A circa 40 km a Sud di Lione c’è un piccolo paese di nome Condrieu, incastrato tra il fiume Rhône (Rodano) e le colline del parco naturale del massiccio del Pilat. Agli amanti del vino probabilmente il nome Condrieu non giungerà nuovo, in quanto denominazione di un meraviglioso bianco. Lo stesso paesino, sede di uno storico mercato, dà il nome anche a un minuscolo formaggio di capra, prodotto nelle colline retrostanti: la Rigotte de Condrieu AOP.

La “Rigotte” non è una ricotta

Nonostante il nome possa ingannare, questo formaggio non ha nulla a che vedere con ciò che noi in Italia chiamiamo “ricotta”: non si produce col siero, ma con latte crudo di capra, acidificando a lungo e coagulando lentamente in 22-24 ore. La cagliata si estrae con delicatezza à la louche, con un piccolo mestolo adatto a depositarla nelle altrettanto piccole fuscelle. Un lavoro certosino, così come i vari rivoltamenti di queste formine lungo l’arco della giornata. Il risultato dopo 8 giorni tra asciugatura e stagionatura è un formaggio di circa 30 grammi, dalle note aromatiche lattiche, che nelle successive 5-6 settimane è capace di mostrare un’incredibile evoluzione.

Di settimana in settimana passa da una pelle color avorio al velluto di muffe bianche, alle sfumature azzurre, familiarmente chiamate le bleu, con note di fungo e nocciola e una struttura via via più compatta. I produttori al momento della vendita le dispongono suddivise per stagionatura componendo un arcobaleno profumato. La Rigotte fino ai 15 giorni è perfetta per preparare gli chèvre chaud, al forno su pane tostato, oltre è da assaporare ad occhi chiusi per coglierne ogni sfumatura.

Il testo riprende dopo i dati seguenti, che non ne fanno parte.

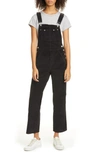 Rag & Bone Black Corduroy Ruth Straight Overalls In Black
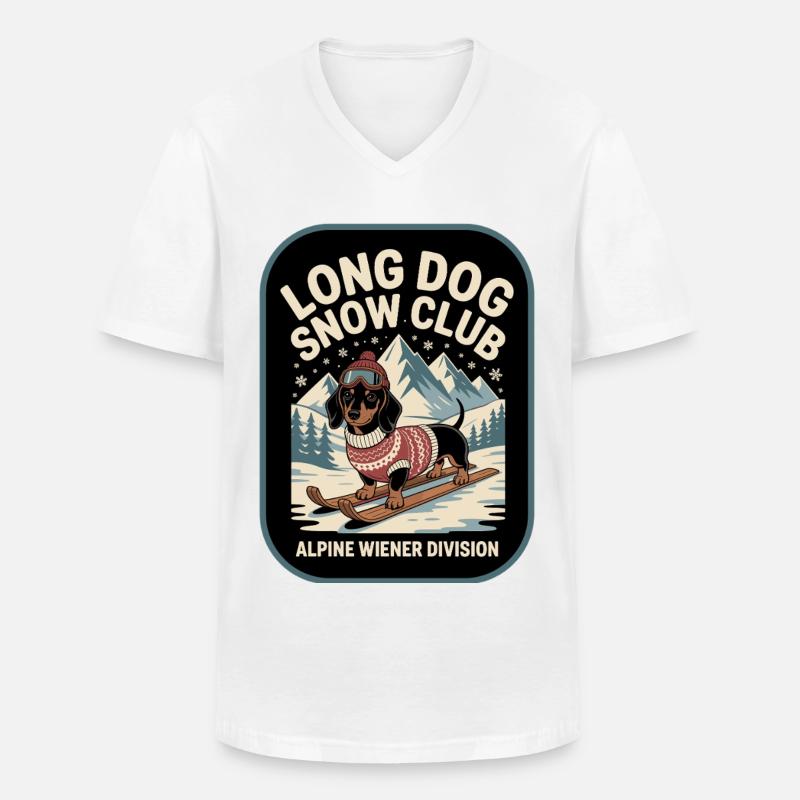 Ski Dackel - Männer-T-Shirt mit V-Ausschnitt - Weiß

Le sue origini risalgono al 18esimo secolo e sembra che il nome derivi da “rigol” o “rigot”, rigagnolo, dai piccoli corsi d’acqua diffusi nei pascoli della zona del Pilat. Qui sono una quindicina i produttori, perlopiù aziende agricole che allevano capre e trasformano direttamente il loro latte.

Più che un formaggio, un luogo del cuore

Proprio in una di queste aziende, ormai 15 anni fa ho imparato molto di quello che so sulla gestione di un gregge di capre, sull’intensità delle relazioni tra umani e animali, su come si conduce un’azienda agricola di filiera corta. Lavorando alla Ferme des Pampilles ho soprattutto sentito sulla mia pelle ciò che avevo solo immaginato sulla carta di un progetto: quanto si possa amare il mestiere e la vita da casara agricola.

Ogni anno in questo periodo penso spesso a quella fase della mia vita, era primavera quando sono stata lì per la prima volta. Avrei voglia di godermi la Rigotte in tutte le sue gradazioni di colore/stagionatura, magari sorseggiando un calice di Condrieu in un bistrot di paese apparentemente in mezzo al nulla.

Conosco solo un posto dove è possibile farlo.